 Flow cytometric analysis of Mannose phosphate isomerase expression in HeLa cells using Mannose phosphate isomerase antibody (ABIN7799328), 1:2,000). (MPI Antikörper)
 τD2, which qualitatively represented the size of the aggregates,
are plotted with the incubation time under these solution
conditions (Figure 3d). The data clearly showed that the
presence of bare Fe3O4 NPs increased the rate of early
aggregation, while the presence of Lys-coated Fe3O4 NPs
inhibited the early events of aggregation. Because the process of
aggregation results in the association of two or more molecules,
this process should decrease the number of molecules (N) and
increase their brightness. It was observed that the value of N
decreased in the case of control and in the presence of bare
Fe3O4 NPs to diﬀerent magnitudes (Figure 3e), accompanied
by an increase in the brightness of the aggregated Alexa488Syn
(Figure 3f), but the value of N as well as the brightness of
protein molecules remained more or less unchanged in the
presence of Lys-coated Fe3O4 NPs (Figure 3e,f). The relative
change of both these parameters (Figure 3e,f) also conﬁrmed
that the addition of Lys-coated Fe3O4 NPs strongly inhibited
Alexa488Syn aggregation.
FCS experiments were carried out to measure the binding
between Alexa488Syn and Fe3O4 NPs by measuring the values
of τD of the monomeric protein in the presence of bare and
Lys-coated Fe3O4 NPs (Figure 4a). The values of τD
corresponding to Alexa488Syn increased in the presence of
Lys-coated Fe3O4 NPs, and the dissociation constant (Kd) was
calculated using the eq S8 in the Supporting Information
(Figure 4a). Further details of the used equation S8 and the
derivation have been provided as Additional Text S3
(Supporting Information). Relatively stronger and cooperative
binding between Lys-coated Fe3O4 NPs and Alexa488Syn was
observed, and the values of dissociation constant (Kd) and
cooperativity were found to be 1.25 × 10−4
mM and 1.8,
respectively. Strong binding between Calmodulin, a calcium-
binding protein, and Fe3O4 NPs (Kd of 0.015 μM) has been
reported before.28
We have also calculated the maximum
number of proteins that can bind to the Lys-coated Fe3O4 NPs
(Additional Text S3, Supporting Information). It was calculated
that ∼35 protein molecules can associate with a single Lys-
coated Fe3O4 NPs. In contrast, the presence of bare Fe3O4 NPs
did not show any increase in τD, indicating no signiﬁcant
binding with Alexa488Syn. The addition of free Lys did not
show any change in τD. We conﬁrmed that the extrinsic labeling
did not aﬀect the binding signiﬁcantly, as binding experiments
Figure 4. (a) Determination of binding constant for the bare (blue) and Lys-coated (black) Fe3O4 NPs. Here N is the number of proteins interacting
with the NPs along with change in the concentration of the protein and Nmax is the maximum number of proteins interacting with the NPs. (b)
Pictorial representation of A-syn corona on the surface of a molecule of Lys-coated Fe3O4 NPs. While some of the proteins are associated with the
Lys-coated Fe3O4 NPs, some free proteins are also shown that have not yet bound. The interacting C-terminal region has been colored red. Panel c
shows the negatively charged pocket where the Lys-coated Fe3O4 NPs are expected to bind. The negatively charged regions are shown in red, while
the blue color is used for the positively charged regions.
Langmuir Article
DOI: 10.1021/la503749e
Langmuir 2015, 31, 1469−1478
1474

• • • •

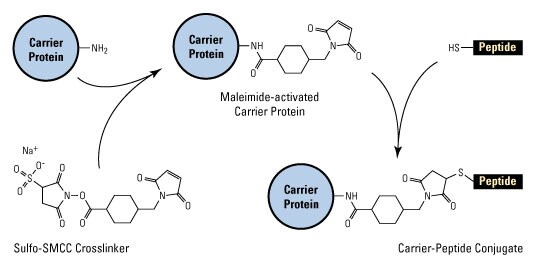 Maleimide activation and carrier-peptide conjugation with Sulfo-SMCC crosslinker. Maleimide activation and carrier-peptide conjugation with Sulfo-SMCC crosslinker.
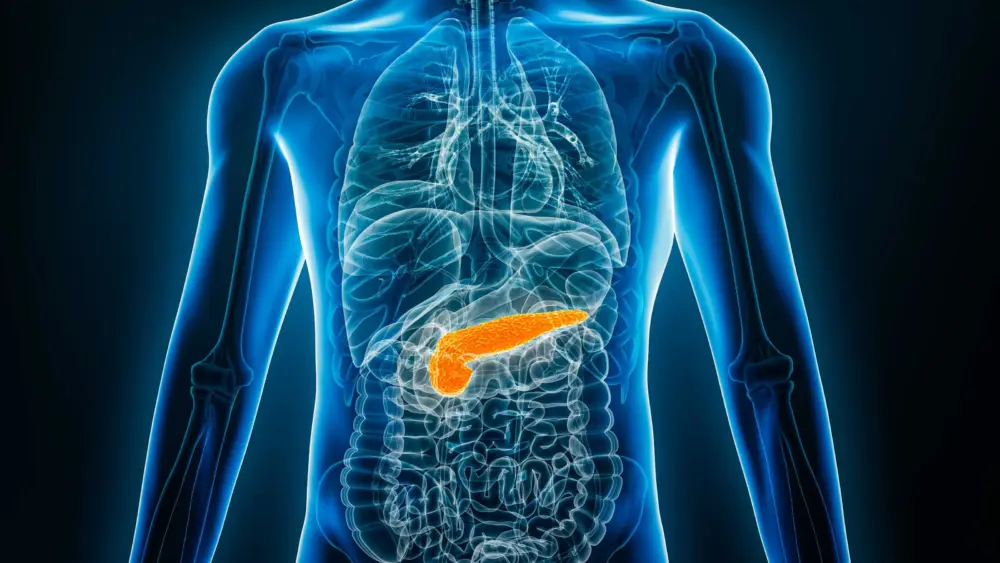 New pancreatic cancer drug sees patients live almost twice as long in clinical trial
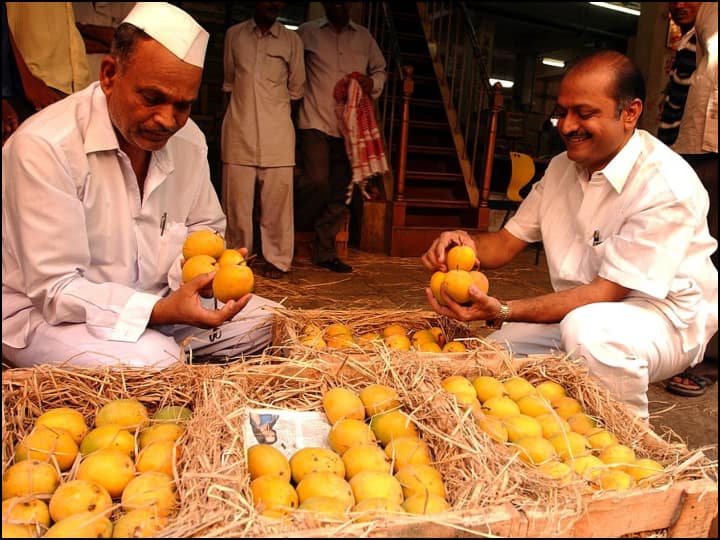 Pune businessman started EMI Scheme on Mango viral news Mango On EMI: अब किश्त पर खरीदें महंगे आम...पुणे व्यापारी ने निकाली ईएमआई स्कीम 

• • • •

● TASK GOAL
Using the listing above, copy exactly the line that contains "reported before.28", the line that contains "with the NPs along", and each line that falls between them.

● RESPONSE BOX
reported before.28
We have also calculated the maximum
number of proteins that can bind to the Lys-coated Fe3O4 NPs
(Additional Text S3, Supporting Information). It was calculated
that ∼35 protein molecules can associate with a single Lys-
coated Fe3O4 NPs. In contrast, the presence of bare Fe3O4 NPs
did not show any increase in τD, indicating no signiﬁcant
binding with Alexa488Syn. The addition of free Lys did not
show any change in τD. We conﬁrmed that the extrinsic labeling
did not aﬀect the binding signiﬁcantly, as binding experiments
Figure 4. (a) Determination of binding constant for the bare (blue) and Lys-coated (black) Fe3O4 NPs. Here N is the number of proteins interacting
with the NPs along with change in the concentration of the protein and Nmax is the maximum number of proteins interacting with the NPs. (b)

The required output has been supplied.